During his address, he referenced recent data from the International Monetary Fund (IMF) to illustrate this disparity through compelling international comparisons. Mexico, for instance, records a state revenue ratio of 25% against its GDP, India at 20%, the Philippines at 21%, and even Cambodia reaching 15%.
“Indonesia is at 11-12% of GDP. We must introspect, become aware, and bravely question why we cannot manage our economy to achieve state revenues on par with countries like the Philippines or Mexico,” Prabowo urged, calling for a candid national self-assessment and strategic recalibration.
He stressed that this prevailing condition necessitates a comprehensive national evaluation. The President directly challenged why Indonesia continues to lag behind neighboring nations such as Malaysia, and other emerging economies, in optimizing its state revenue collection and harnessing its economic potential.
“What makes us incapable? What is the difference between us and the people of Cambodia, Malaysia, or the Philippines?” he questioned rhetorically, pushing for deeper analysis into the root causes of this fiscal gap.
Despite these pressing fiscal concerns, Prabowo acknowledged Indonesia’s relatively robust economic growth over the past seven years, consistently maintaining an impressive 5% annual expansion, a positive indicator amidst global uncertainties.
The Gerindra Party Chairman concluded by noting that the path ahead involves more than merely sustaining economic growth. The pivotal challenge, he emphasized, is to ensure the nation can manage its vast national wealth more optimally, thereby significantly boosting state revenue for sustained progress and greater national prosperity.
Summary
President Prabowo Subianto has highlighted Indonesia’s state revenue-to-Gross Domestic Product (GDP) ratio, currently at 11-12%, as the lowest among G20 nations. This assessment was delivered during a Plenary Session for the 2027 Fiscal Year’s Macroeconomic Framework. He noted that Indonesia significantly trails other developing economies, referencing Mexico at 25%, India at 20%, and the Philippines at 21%.

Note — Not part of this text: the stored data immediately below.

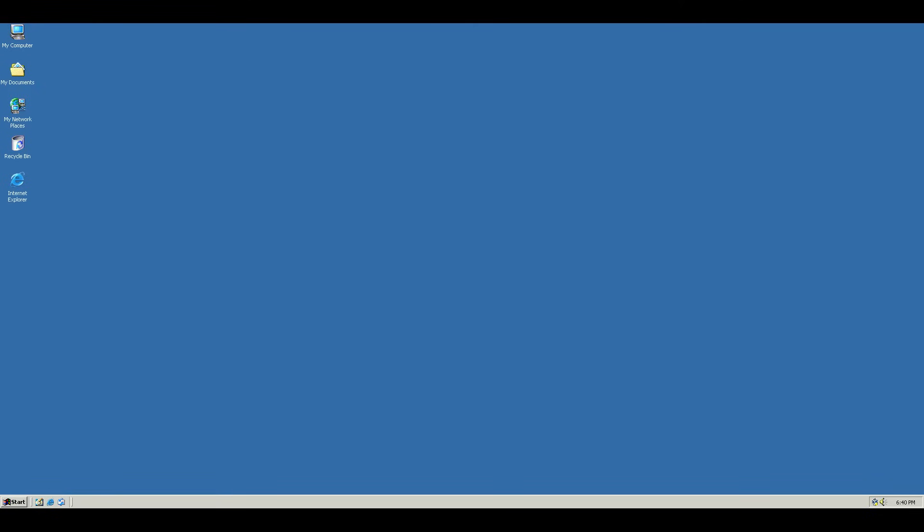So as you can see, here are the default icons in Windows 2000. And while these are much nicer than the icons in some of the newer versions of Windows, some users may prefer the older icons from Windows 95 and Windows 98.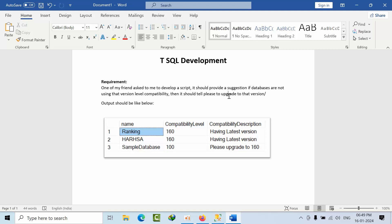I created temp tables, I tried everything one by one, I tried using CASE statements, and finally I got this output.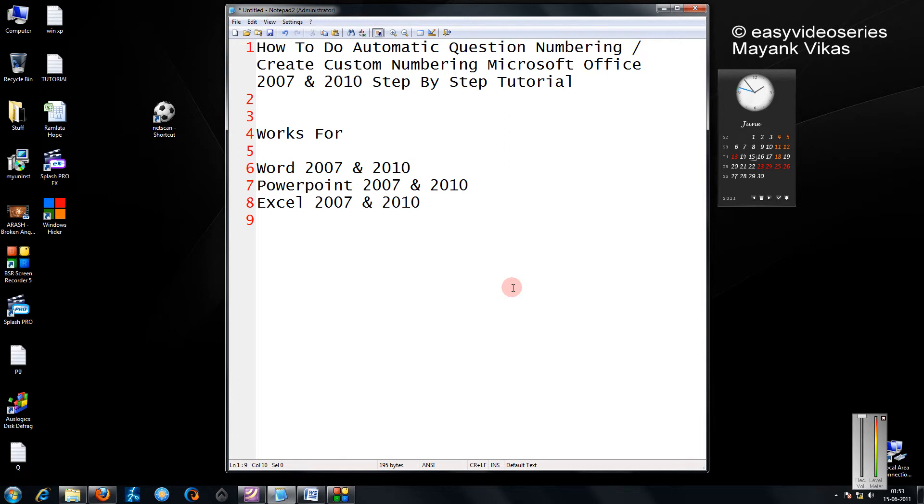Hi friends, in this tutorial I am going to show you how to do automatic question numbering or create a custom numbering in Microsoft Office.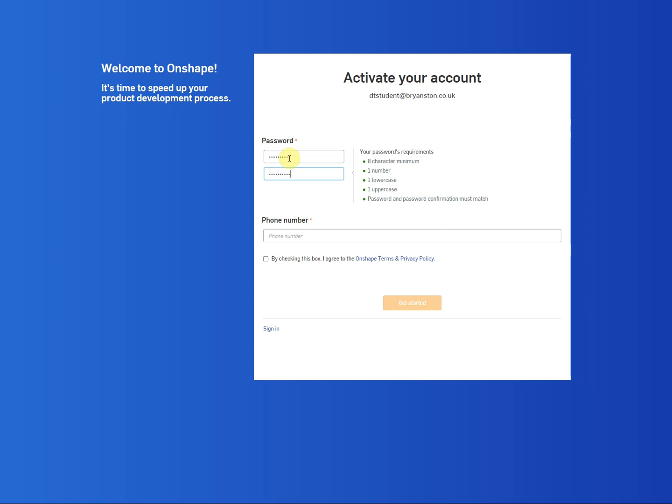Now in terms of the phone number, they want your phone number so they can contact you if there's issues with your account. You could put your own phone number in there or if you want to you could put the school's phone number in there. The school's phone number is 01258 452 411.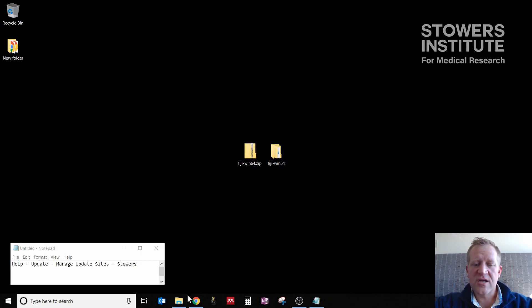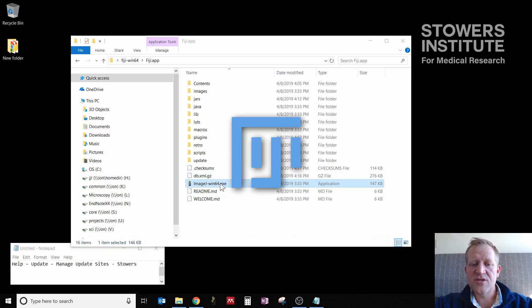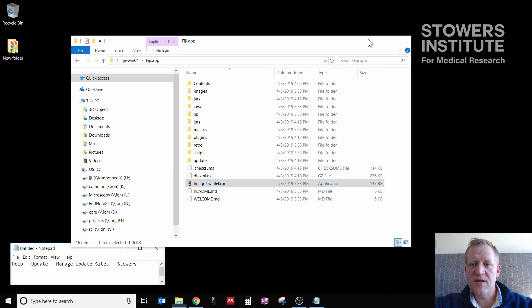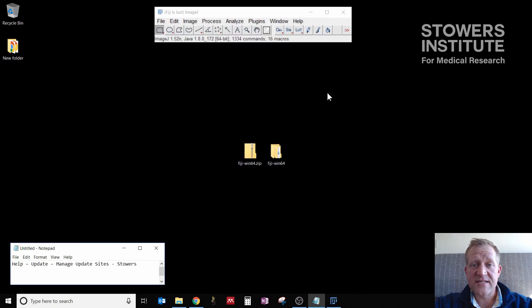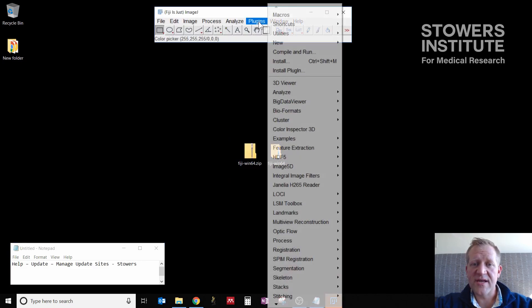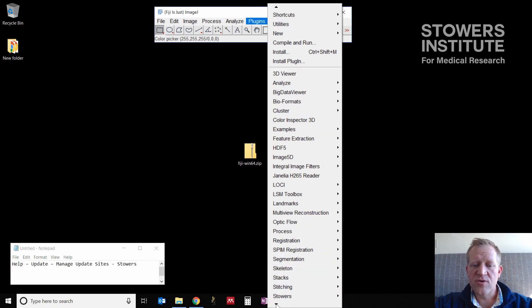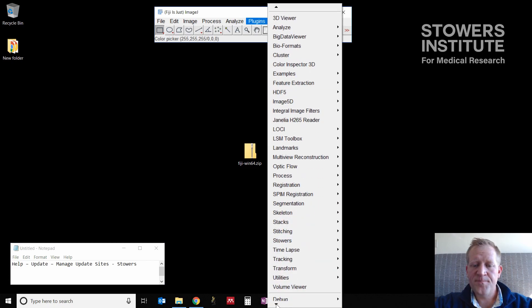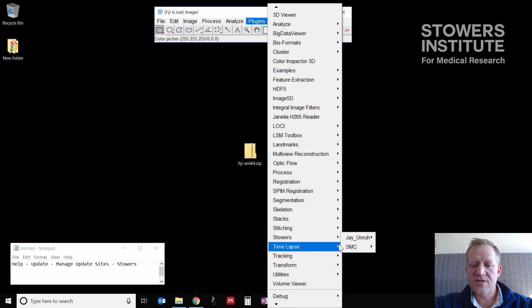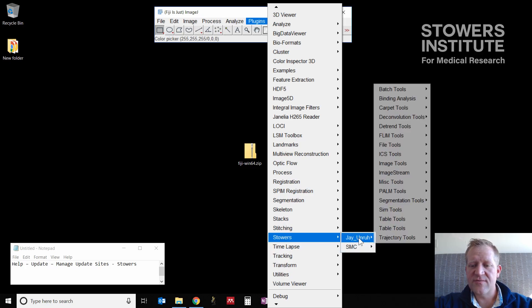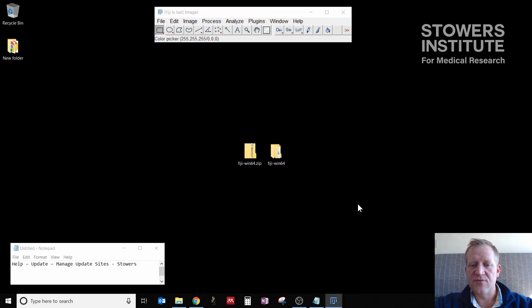At the end of this, you notice that Fiji tells me it's updated successfully and to restart ImageJ. This is exactly how Fiji handles updates all the time. So once I close it, I can now go back into my folder, relaunch the executable, and I'll get Fiji back. Then we can check quickly for all the plugins that we've installed. To do that, you go through the menu of Plugins, scroll down, find Stowers, and you now notice that we have a bunch of different plugins that we can use.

Prabowo urged national introspection and a strategic recalibration to understand why Indonesia lags in optimizing state revenue collection. Despite acknowledging the nation’s robust economic growth of 5% annually over the past seven years, he stressed the pivotal challenge of managing Indonesia’s vast national wealth more effectively. The goal is to substantially boost state revenue for sustained national progress and greater prosperity.